Beberapa waktu berikutnya, para tentara meminta bayaran terhadap baiat yang mereka lakukan. Mu’nis pada saat itu tidak ada di tempat. Maka terjadilah kerusuhan. Akhirnya tentara-tentara tersebut membunuh para penjaga istana. Kemudian mereka menuju rumah Mu’nis dan menuntut agar al-Muqtadir dikembalikan dari jabatannya sebagai khalifah.
Ulah Gerombolan Qaramithah
Pada 317 H/929 M al-Muqtadir memberangkatkan rombongan haji di bawah pimpinan Mansur ad-Dailami. Namun tiba-tiba saja pada hari tarwiyah mereka dihadang Abu Thahir al-Qaramithi. Dia membunuh rombongan haji tersebut dengan sangat keji. Kemudian mayat-mayat tersebut dia lemparkan ke sumur zam-zam. Kemudian dia memukul Hajar Aswad dengan paku-paku hingga hampir saja Hajar Aswad pecah. Kemudian dia membawanya kabur.
Hajar Aswad pernah berada di tangan pemberontak Qaramithah lebih dari 20 tahun. Al-Muqtadir meminta kepada para pemberontak untuk mengembalikan Hajar Aswad tersebut dengan tebusan uang sebesar 50 ribu dinar. Namun mereka menolaknya. Hingga Hajar Aswad baru bisa diambil kembali pada masa pemerintahan al-Muthi’.
Konflik Keagamaan
Pada tahun 317 H/929 M terjadi konflik terkait penafsiran kata: maqaman mahmuda yang disebutkan dalam firman Allah:
وَمِنَ ٱلَّيْلِ فَتَهَجَّدْ بِهِۦ نَافِلَةً لَّكَ عَسَىٰٓ أَن يَبْعَثَكَ رَبُّكَ مَقَامًا مَّحْمُودًا
“Dan pada sebahagian malam hari bersembahyang tahajudlah kamu sebagai suatu ibadah tambahan bagimu, mudah-mudahan Tuhan-mu mengangkat kamu ke tempat yang terpuji.” (QS. Al-Isra, 17: 79)

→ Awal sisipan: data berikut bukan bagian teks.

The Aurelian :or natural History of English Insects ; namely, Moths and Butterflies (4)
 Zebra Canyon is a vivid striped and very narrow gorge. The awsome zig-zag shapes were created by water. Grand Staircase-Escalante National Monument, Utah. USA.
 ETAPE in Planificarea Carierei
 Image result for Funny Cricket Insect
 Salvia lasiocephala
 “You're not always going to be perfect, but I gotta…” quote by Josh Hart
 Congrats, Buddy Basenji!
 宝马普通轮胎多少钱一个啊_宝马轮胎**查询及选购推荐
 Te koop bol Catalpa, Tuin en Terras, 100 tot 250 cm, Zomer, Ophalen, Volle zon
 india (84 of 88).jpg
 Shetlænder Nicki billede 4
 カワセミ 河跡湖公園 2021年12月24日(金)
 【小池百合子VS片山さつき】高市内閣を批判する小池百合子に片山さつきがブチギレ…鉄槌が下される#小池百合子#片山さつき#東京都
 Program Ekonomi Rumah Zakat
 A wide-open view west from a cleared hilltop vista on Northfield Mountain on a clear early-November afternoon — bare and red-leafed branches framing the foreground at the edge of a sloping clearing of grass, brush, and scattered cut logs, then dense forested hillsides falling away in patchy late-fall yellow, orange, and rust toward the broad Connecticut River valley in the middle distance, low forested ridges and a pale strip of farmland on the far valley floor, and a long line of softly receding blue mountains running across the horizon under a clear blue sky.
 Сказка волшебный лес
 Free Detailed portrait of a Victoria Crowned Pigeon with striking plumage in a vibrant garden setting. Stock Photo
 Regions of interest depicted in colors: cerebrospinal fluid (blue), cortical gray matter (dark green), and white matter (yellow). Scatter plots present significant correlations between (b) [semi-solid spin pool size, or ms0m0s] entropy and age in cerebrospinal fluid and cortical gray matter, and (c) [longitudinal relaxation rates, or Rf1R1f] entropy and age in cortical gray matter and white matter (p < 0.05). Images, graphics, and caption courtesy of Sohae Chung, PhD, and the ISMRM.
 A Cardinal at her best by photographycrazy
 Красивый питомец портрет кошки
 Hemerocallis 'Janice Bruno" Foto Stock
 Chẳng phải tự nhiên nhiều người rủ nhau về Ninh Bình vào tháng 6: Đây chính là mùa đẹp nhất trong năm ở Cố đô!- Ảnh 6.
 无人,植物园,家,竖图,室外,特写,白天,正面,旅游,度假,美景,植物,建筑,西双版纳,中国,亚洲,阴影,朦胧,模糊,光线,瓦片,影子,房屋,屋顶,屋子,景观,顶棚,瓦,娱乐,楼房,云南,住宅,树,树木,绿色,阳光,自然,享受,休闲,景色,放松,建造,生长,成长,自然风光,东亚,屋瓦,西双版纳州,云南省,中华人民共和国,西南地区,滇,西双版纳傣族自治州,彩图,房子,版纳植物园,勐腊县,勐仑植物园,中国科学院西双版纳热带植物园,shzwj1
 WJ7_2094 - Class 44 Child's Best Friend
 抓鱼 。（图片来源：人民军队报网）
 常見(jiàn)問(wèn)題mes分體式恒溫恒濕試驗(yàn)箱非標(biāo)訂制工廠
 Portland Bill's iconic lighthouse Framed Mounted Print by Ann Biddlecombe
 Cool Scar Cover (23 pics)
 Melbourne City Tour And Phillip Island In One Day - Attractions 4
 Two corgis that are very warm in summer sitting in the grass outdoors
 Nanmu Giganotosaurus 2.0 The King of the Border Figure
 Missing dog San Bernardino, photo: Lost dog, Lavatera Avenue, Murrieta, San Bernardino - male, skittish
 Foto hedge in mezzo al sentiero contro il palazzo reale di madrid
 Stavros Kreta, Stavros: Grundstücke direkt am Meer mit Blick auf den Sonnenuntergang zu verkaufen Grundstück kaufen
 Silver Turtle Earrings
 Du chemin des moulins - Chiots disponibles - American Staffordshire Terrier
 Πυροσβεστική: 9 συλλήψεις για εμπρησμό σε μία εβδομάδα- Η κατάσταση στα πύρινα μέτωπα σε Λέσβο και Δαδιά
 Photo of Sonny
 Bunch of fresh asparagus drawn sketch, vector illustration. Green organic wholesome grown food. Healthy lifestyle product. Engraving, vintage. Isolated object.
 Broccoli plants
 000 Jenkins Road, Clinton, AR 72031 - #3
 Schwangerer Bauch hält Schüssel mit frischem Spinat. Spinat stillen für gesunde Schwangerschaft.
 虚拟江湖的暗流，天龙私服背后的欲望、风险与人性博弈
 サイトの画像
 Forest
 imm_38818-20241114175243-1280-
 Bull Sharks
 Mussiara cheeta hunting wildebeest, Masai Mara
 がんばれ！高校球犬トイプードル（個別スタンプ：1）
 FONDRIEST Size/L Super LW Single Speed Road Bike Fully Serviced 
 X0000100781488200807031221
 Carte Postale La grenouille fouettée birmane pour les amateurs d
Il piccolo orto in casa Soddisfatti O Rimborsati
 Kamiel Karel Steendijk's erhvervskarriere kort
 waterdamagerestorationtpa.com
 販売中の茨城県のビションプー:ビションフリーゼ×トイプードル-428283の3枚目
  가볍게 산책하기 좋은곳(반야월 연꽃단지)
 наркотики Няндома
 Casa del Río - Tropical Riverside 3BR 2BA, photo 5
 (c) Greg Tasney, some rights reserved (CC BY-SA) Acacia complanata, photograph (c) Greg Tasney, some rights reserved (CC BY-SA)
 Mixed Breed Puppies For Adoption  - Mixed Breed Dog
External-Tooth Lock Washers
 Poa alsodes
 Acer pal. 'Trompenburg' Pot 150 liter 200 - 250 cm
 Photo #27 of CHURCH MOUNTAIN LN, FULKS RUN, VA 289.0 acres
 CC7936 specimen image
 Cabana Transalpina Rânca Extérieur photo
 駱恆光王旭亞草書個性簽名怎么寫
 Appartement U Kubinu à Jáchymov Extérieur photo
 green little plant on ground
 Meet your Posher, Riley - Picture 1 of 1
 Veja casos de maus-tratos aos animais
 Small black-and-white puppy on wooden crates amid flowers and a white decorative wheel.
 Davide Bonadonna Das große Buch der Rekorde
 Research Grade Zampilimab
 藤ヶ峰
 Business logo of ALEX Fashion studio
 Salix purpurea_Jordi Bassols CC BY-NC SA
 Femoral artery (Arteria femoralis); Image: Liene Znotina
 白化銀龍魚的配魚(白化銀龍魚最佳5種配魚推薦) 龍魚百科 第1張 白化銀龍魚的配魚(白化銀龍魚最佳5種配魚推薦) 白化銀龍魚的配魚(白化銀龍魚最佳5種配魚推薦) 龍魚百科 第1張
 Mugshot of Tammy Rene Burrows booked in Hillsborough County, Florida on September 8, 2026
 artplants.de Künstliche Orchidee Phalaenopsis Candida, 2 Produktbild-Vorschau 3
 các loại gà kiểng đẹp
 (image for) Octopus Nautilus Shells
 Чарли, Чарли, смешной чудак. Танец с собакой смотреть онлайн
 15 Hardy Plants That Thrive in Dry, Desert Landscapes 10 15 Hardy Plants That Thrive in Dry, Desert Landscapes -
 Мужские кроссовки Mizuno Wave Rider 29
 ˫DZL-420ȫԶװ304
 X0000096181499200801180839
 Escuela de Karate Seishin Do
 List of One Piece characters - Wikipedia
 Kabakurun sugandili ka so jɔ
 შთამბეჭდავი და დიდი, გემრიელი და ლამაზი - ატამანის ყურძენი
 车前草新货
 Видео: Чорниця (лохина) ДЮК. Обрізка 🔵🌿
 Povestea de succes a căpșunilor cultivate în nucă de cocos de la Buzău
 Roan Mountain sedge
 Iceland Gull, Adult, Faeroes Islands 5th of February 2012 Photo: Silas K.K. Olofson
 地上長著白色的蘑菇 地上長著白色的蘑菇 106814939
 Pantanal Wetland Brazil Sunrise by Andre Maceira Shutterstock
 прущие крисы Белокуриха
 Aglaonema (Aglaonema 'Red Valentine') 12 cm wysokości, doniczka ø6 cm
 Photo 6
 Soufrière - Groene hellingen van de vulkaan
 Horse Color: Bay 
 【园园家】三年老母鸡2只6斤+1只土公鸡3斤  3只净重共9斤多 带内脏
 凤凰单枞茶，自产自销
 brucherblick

Dalam menafsirkan ayat tersebut orang-orang bermadzhab Hanbali mengatakan bahwa yang dimaksud dengan tempat terpuji adalah Allah dan meletakkan orang yang melakukan shalat tersebut pada Arsy-Nya, sedangkan yang lain mengatakan bahwa yang dimaksud adalah syafaat. Dua kubu ini berseteru terus hingga akhirnya banyak memakan korban jiwa.
Qaramithah Lagi
Pada tahun 319 H/931 M, para pemberontak al-Qaramithah menyerbu Kufah hingga membuat penduduk Baghdad ketakutan.Kemudian mereka menghadap al-Muqtadir sambil berteriak dan mengangkat mushaf serta mencaci maki al-Muqtadir.
Pembunuhan Al-Muqtadir
Pada tahun 320 H/931 M, Mu’nis datang kembali dan menyerang khalifah. Seorang tentara Barbar melempar al-Muqtadir hingga terjatuh kebumi. Kemudian orang tersebut menyembelih al-Muqtadir dengan pedangnya. Kepalanya dipenggal dan ditancapkan pada ujung tombak, sedangkan pakaiannya dicopoti sehingga dia berada dalam keadaan telanjang.
Mereka menutupinya dengan rerumputan. Setelah itu dia dikuburkan ditempat itu. Peristiwa tersebut terjadi pada 28 Syawal 320 H/5 Nopember 932 M.